A newly launched women's monthly run by a prominent female editor has irked Iranian hard-liners, who have accused her of promoting "obsolete" feminist views and ideas that are un-Islamic.
Iran's semi-official Fars news agency reported last week that Shahla Sherkat , editor of "Zanan-e Emruz," will be put on trial by Iran's Press Court on September 7. Fars, said to be close to the Islamic Revolutionary Guards Corps (IRGC), did not provide details about the charges against Sherkat.
The report has led to concern that action could be taken to shut down the monthly devoted to women's issues.

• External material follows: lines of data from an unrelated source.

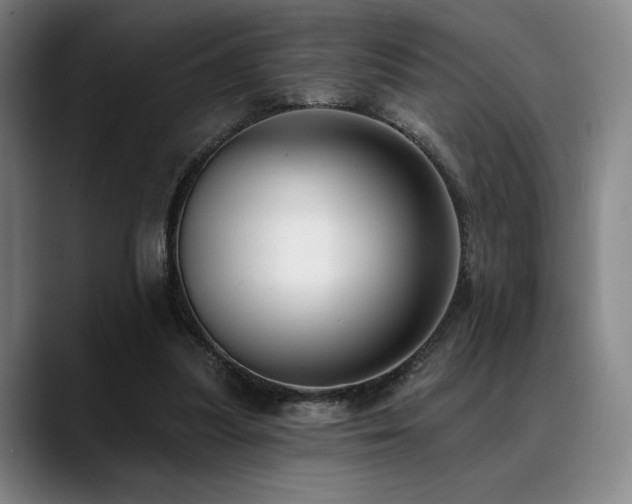 X0000089440251200706151419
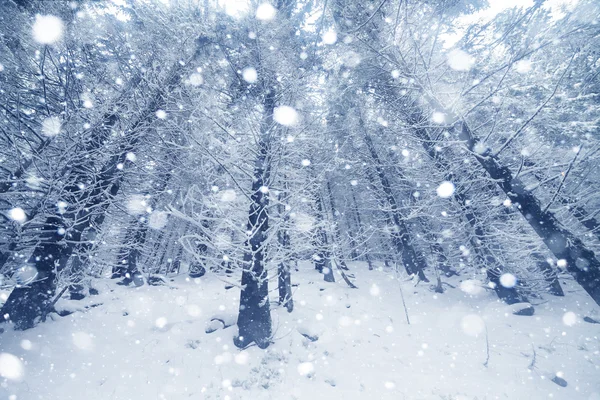 Spar Boom mistig Bos bedekt met sneeuw in de winter landschap. — Stockfoto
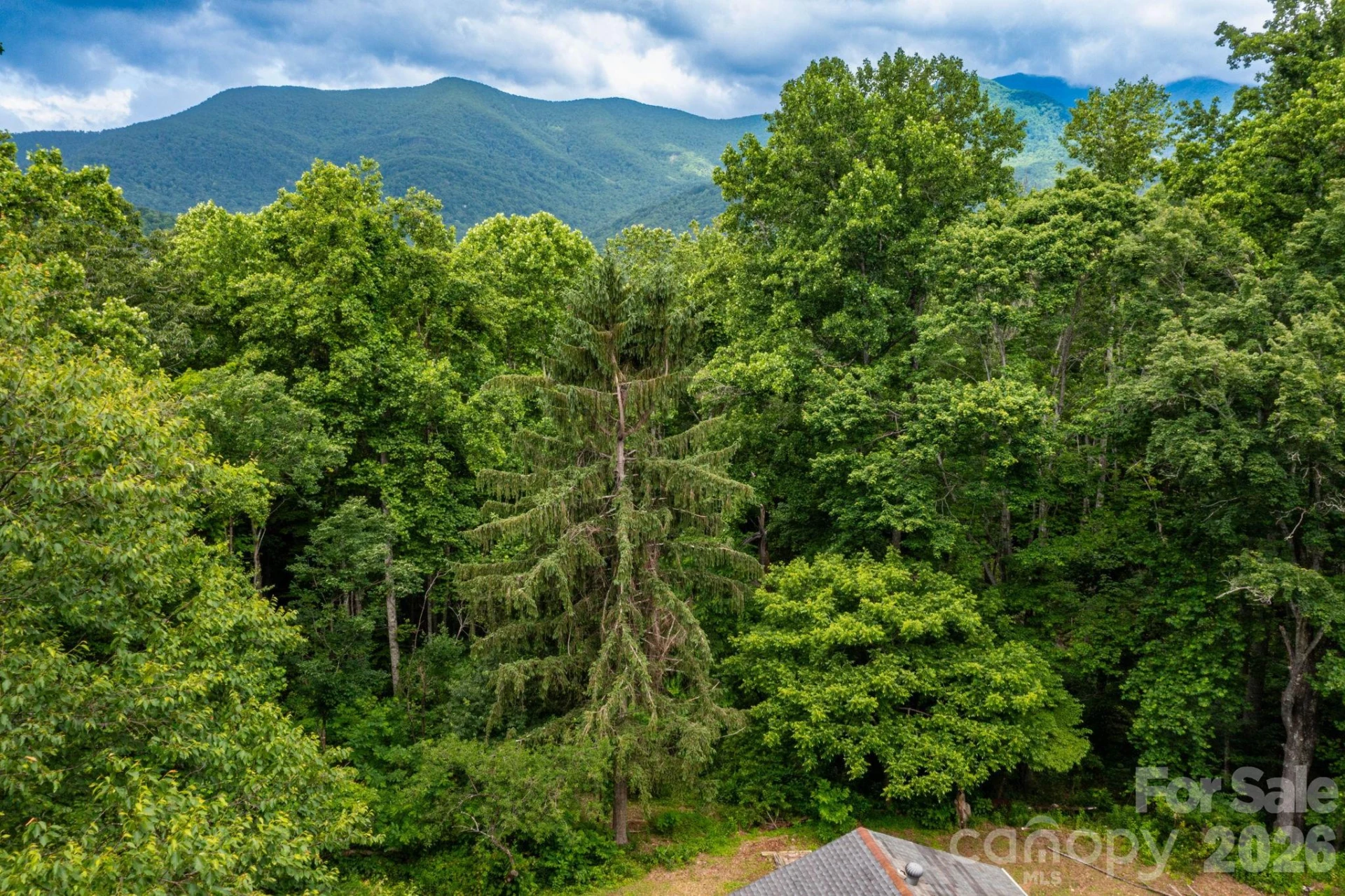 191 Walkertown Road - Photo 3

Sherkat, whose previous publication was shut down under the administration of former President Mahmud Ahmadinejad, has not publicly commented on the report.

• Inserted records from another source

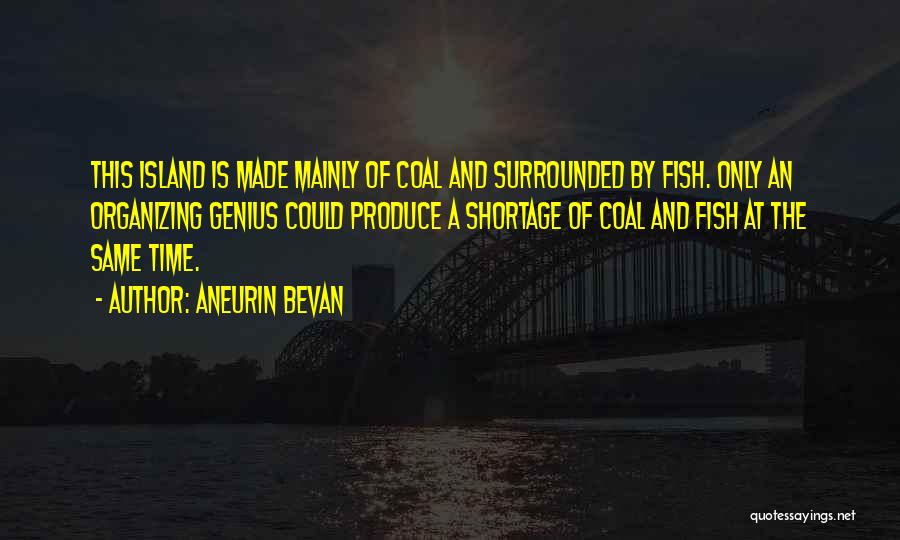 Shortage Of Time Quotes By Aneurin Bevan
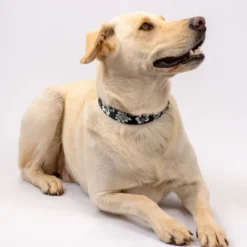 Country Brook Petz Premium Black Hawaiian Dog Collar And Leash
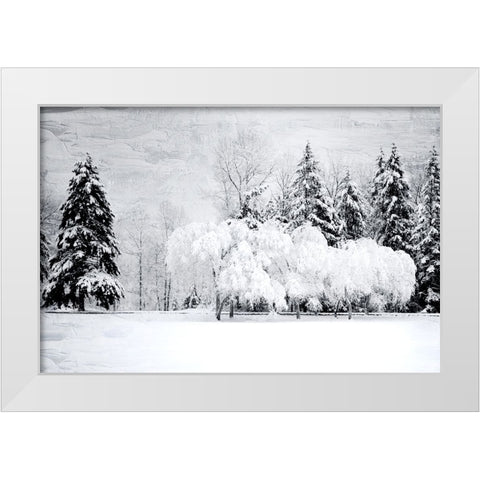 Winter Snow White Modern Wood Framed Art Print by Allen, Kimberly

A Tehran-based journalist who used to work with "Zanan-e Emruz" confirmed in an interview with RFE/RL that the Fars report was accurate.

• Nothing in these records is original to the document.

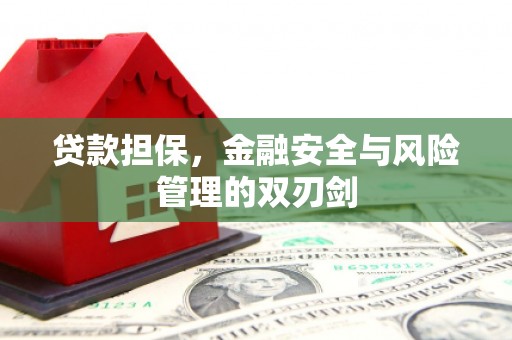 元长贷款担保，金融安全与风险管理的双刃剑
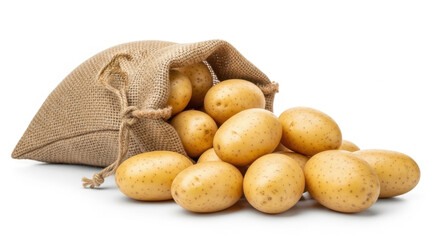 Freshly harvested potatoes spilling out of a rustic burlap sack with white background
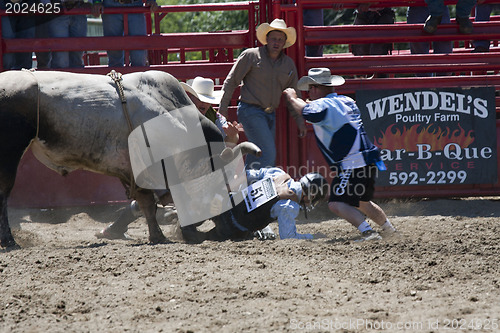 Image of Rodeo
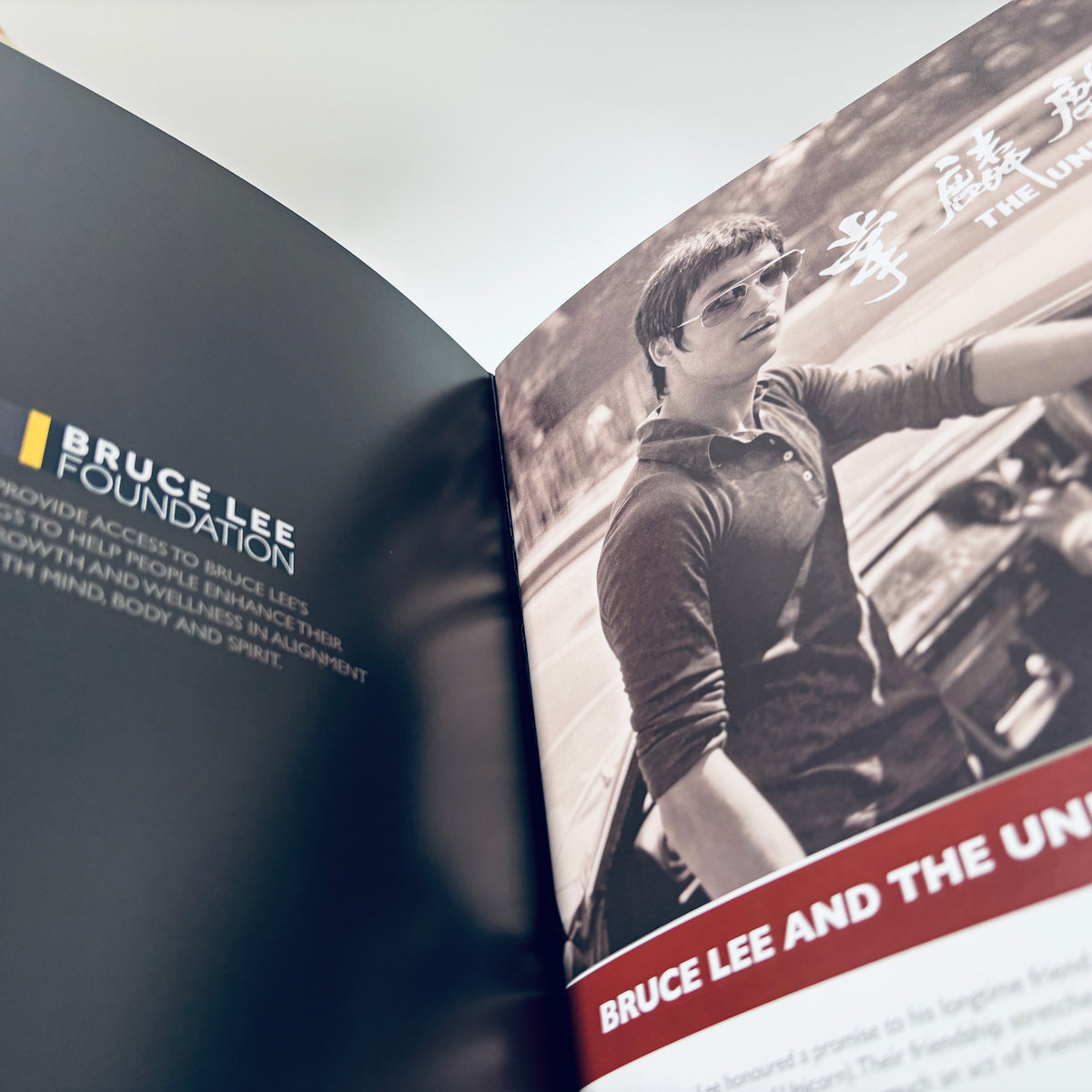 Bruce Lee The Unicorn Palm Fanzine Magazine Book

The journalist, who requested anonymity, said that the case against Sherkat appears to be based on a complaint related to the monthly's first issue, which came out in May.
Previously, Sherkat published Iran's leading women's magazine "Zanan" (" Women") for 16 years. Authorities revoked the magazine's license in 2008 for offering "a somber picture of the Islamic republic" and publishing "morally questionable information."
In a 2009 piece, Sherkat wrote that the work of "Zanan" journalists reflected the problems and needs of women, with the aim of trying to build awareness and find solutions.
"To prevent our revelations about women and their issues from disturbing the public's consciousness, 'Zanan' was closed," she wrote.
Sherkat has been accused by hard-liners of continuing her work through "Zanan-e Emruz" and of spreading feminist ideas, which they believe are contrary to Islamic principles.
Even before it hit the newsstands on May 28, the monthly came under criticism from conservative websites and media outlets, which blasted its existence as a "failure" by the government of President Hassan Rohani.
Rohani has called for gender equality and promised Iranians more freedom, and the publishing of "Zanan-e Emrouz" had created hope for women's rights advocates in the Islamic republic.
"While feminist views are in clear opposition to the Koran, the government has given license for the renewed publishing of a banned feminist magazine under a new name," Hezbollahpress.com said in a report.
When "Zanan-e Emruz" was launched, Iran's state-controlled television asked whether granting a publishing license to Sherkat was in line with Iran's interests, given her "background and deviant views."
"Seven years after the closing down of the 'Zanan' magazine managed by a woman with feminist and Western views, a magazine with a different title yet run by the same woman has today been authorized for publication," said the state television report.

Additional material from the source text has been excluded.